I've developed a list of long-term and short-term goals and, because it's so close to the start of the year, I've informally dubbed them my 'New Year's Resolutions.' And, since Justin keeps bugging me about writing a column, I present them here for posterity:
First, I'm consolidating and getting rid of all my credit card debt. I made the mistake of running up about $3K on my cards just before leaving college under the mistaken assumption that I would be hired right out of college, even though I'd hardly applied for anything. Three temp jobs, an ill-fated and short-lived move to Chicago, and one ex-girlfriend later, that amount has ballooned to $6500. The worst part is that about half of it is on a card with a 30% APR. Go ahead, do the math... I'll be right here.
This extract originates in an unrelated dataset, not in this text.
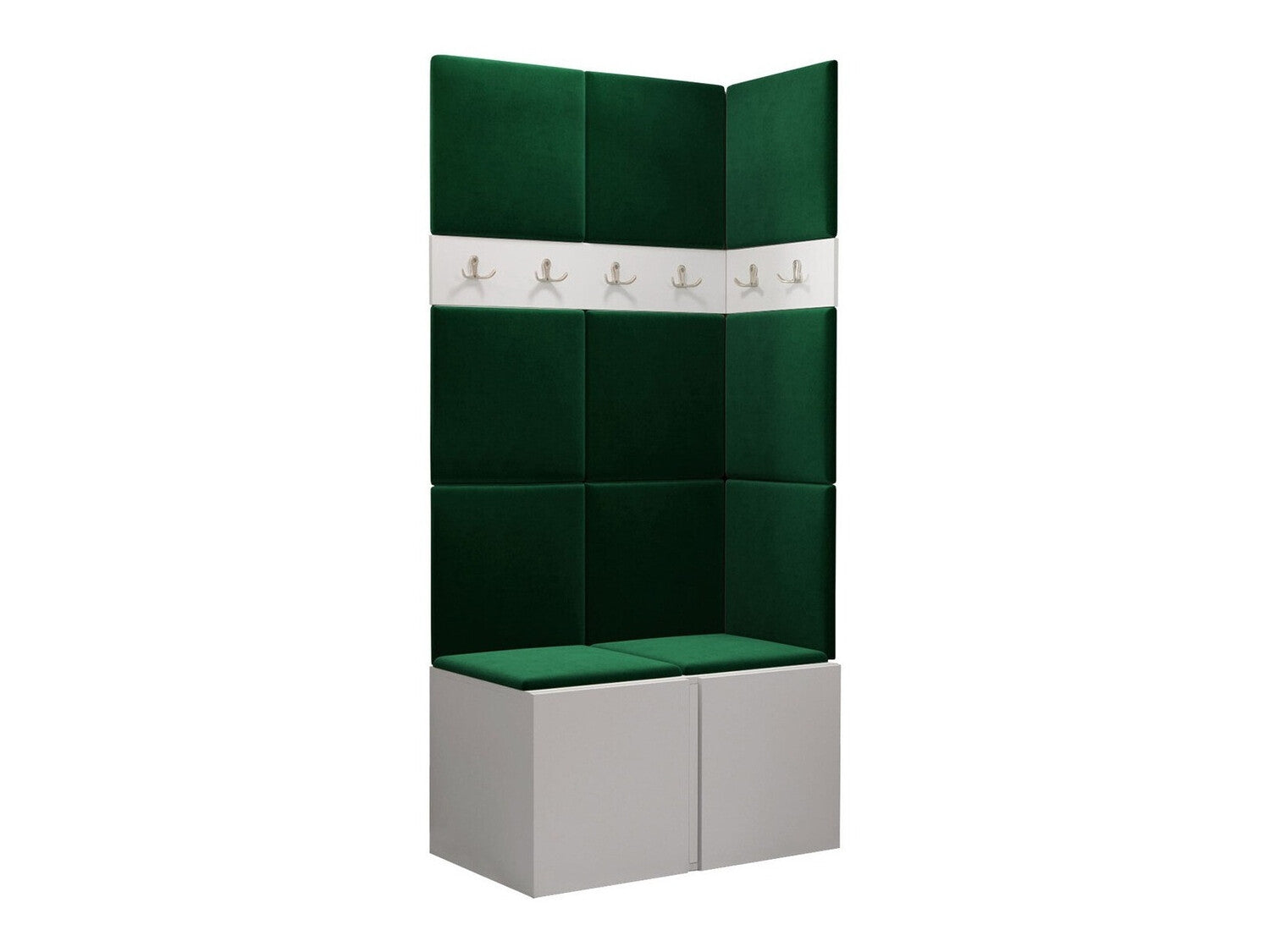 Entrésæt Hartford 264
So, under my original plan, I was going to use about $350 per paycheck, dropping down to $250 in May after paying off the first card, for a total of roughly $7270, all to satisfy a $6500 debt. Luckily, with my now-steady income (note that I haven't mentioned the actual dollar figure; yes, I'm a sly dog), I've qualified for a consolidation loan: 4% APR, 25 bi-weekly payments at $265 each... same end result, but $640 cheaper.
Second, I'm starting a retirement plan. My new employer will make a 2-for-1 match, fully vested, of my contribution, up to 5% of my paycheck. (Apparently the 2-for-1 is unusually large, and the immediate vesting even moreso, but I wouldn't know anything about that.) After some extended number-crunching, I've decided to put 10% of my paycheck away this year. I will probably bump that up to 20% next year when my credit card debt is sayonara. The big question is whether I can afford to retire at age 70; thankfully, I can start stripping away the doubt.
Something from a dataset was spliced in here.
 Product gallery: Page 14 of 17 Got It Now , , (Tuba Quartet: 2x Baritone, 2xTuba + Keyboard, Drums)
Third, my 52 plan presumably starts next week. It's safe to say that my interactions with single, heterosexual females lately have been less than satisfying. Coupling (oh, my wit!) that with the fact that most of the single, heterosexual females who were within my sphere of friends have either moved out of my sphere or are no longer single has led me to a minor crisis of confidence. If I needed a date for a social event, I wouldn't know who to ask anymore. Frankly, I don't know if I have 'it' anymore. This all leads into my 52 plan.
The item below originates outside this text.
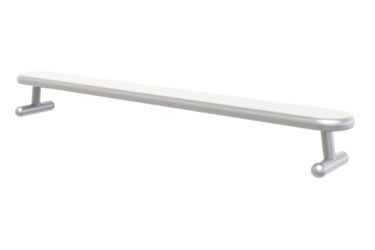 Low Rider Handle & Washer Set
So what is the 52 plan? Simply put, it's my plan to make contact with 52 unattached women over the next 52 weeks. The potential benefit is twofold: it will force me to learn how to approach women and it will expand my range of potential dates. It's not a plan to go on 52 first dates... I'm not making that much money.
On a side note, I have a quasi-bet with Justin over whether I can make contact with one woman per week... Justin's really into being literal, so he won't accept a simple 52-in-52. Frankly, it doesn't matter to me whether I lose the bet because I win just by going through with the whole thing, plus I'll still be the one with a soul.
In addition to those three goals, I have some smaller goals for the year. This summer, I'll take an official IQ test for the purpose of joining Mensa; this should prove whether I really do have an above-genius intellect. I plan to get a cat, possibly two, in May; the house hasn't had a pet in three years, since Smoke passed away. I want to take a trip to Marquette and to Toronto; I didn't visit either city last year, breaking a six-year streak. I also want to visit a Steve and Barry's store in Ohio to get an Ohio State University jacket to match my University of Michigan jacket. Little-known fact: I'm half-Buckeye (and half-blond, but that's another story.)
So, to summarize, I'm paying off my credit cards, starting a retirement plan, and meeting women. It's almost like I'm on my way to being a GQ piece of crap!